OKLAHOMA CITY — Gov. Kevin Stitt’s criminal justice reform task force is recommending the creation of an accredited seminary or Bible college program within the state corrections system.
Created in May by Stitt’s executive order, the Criminal Justice Reentry, Supervision, Treatment and Opportunity Reform, or RESTORE, Task Force issued its initial recommendations on Friday.
It also asked for a one-year extension to finish its work, saying it planned to issue recommendations throughout the coming year as they are finalized.
The Bible program would be funded through private donations, according to the report.
“It is recommended that both a male and female facility be selected for this purpose, preferring facilities with the hardest populations and where inmates have longer sentences,” according to the report. “Similar programs in other states have successfully trained inmates to be counselors to their fellow inmates, which has in turn decreased violent crime and given inmates something positive to work towards within the prisons.”
The panel also recommended the creation of a chief cultural officer within the Oklahoma Department of Corrections, saying the post has proven to be critical in the private sector.
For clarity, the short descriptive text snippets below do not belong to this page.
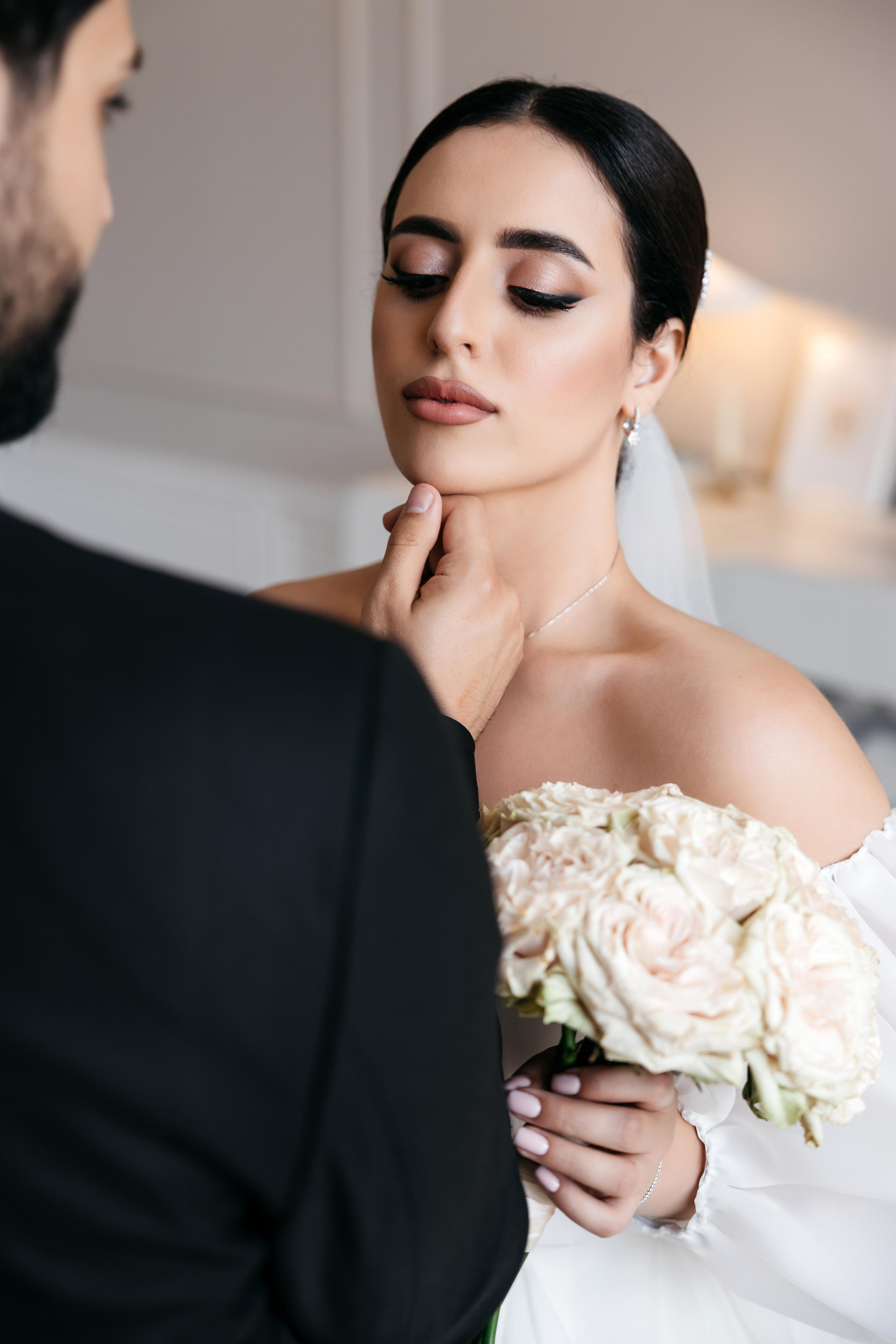 Свадьбы. Свадебный фотограф в Краснодаре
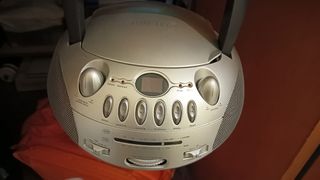 Radio CD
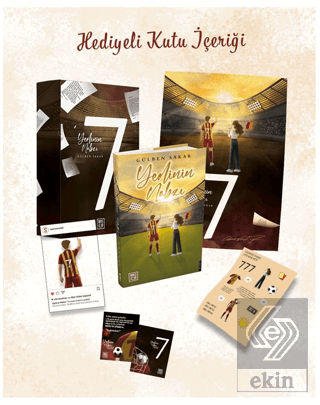 Yedinin Nabzı (Kutulu Set)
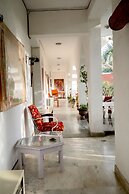 Shahar Palace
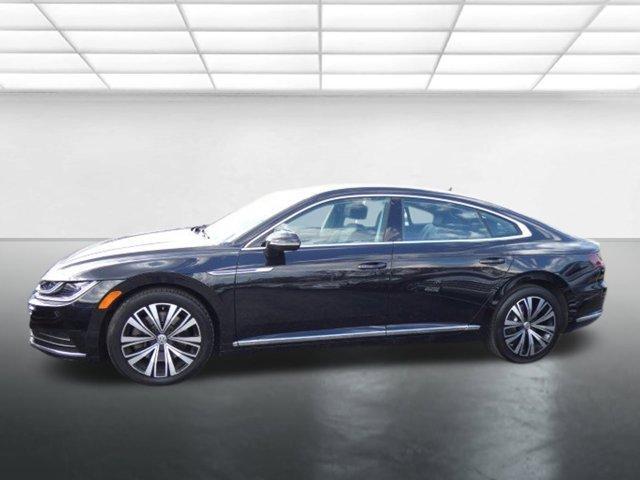 used 2020 Volkswagen Arteon car, priced at $25,950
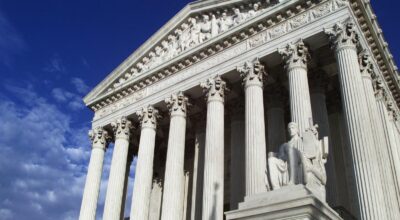 Trump administration moves US Supreme Court to allow sweeping changes to mail ballots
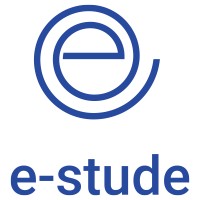 e-stude.com logo, e-stude.com contact details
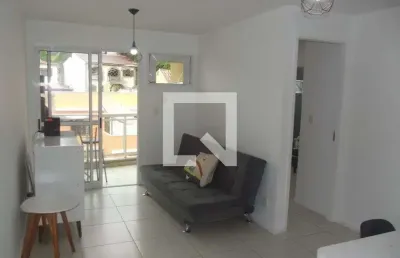 Apartamento para venda - freguesia , 3 quartos,  75 m² - rio de janeiro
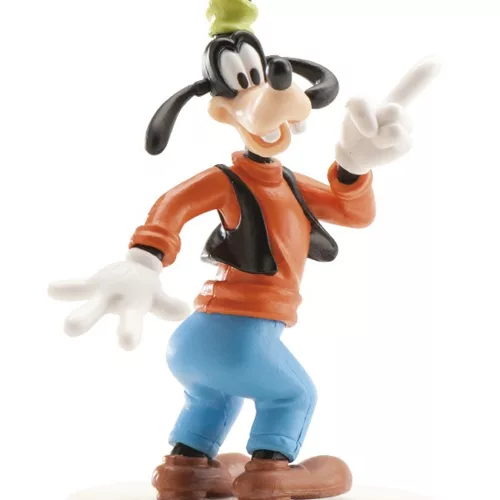 Photo du produit Figurine Dingo 7,5 cm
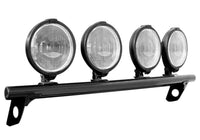 Thumbnail for Light Bar w/ Tabs for 10-18 Ram 2500/3500 U.S. Part One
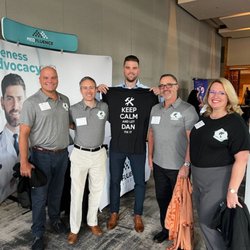 Frederick Breathe Free Sinus & Allergy Centers - At Breathe Free Conference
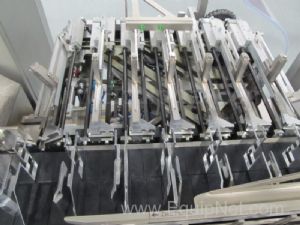 Encartonadora Horizontal Marchesini Group MA352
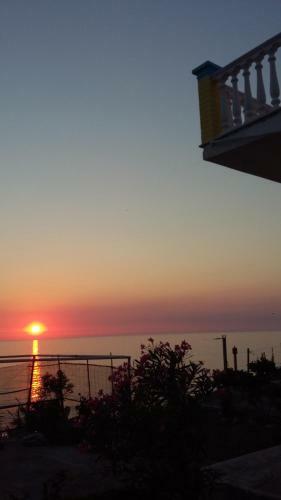 Margarita Apartments Corfu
The panel recommended using state agencies and public-private partners to increase the use of technology in rural counties to connect individuals with mental health professionals, supervision and probation services.
The report says transition fairs should be permanent to help those leaving prison and jail find resources.
“It is our recommendations inmates will leave prison with at minimum a state-issued ID, job prospects and a place to live,” the report says.
Planning for release should begin no later than the day a person enters the prison system, the report says.
The panel also recommended more study of alternatives to monetary bail. “It is also recommended that real-time tracking technology suitable for this purpose be developed and deployed as an alternative to bail for accused individuals lacking the necessary monetary resources to post bail or bond out of jail,” the report says.
The panel and its subcommittees met more than 37 times and heard from more than 95 individuals, ranging from experts to those affected by the criminal justice system, according to the report.
“From this report, two things are abundantly clear,” Stitt said. “First, we must continue to focus on cultural change in the prisons, where state government is viewing an inmate as a person and creating a plan to ensure they return as a productive and contributing member of our society.
“Second, we must implement bold reforms to our criminal code in order to provide more clarity around sentencing.
“I am committed to taking the necessary steps to move the needle and implement these reforms during my time in office.”
Ahniwake Rose, Oklahoma Policy Institute executive director, said that while the report identifies some positive ideas, it lacks bold and specific legislative changes to fully match the scale of Oklahoma’s incarceration crisis.
Kris Steele, Oklahomans for Criminal Justice Reform executive director, said that “while we applaud the RESTORE task force for recommending changes to the state’s unfair and outdated cash bail system and failed reentry policies and practices, we believe that this crisis is too urgent for further delay.
“We are moving forward with advancing evidence-based proposals to increase public safety, save taxpayer dollars and keep families together for the benefit of our state.
“Reforms that confront the main drivers of mass incarceration are critical to improve ineffective criminal justice policies,” Steele continued. “This includes State Question 805, which will end sentence enhancements for nonviolent offenses and address one of the key causes of our incarceration crisis.”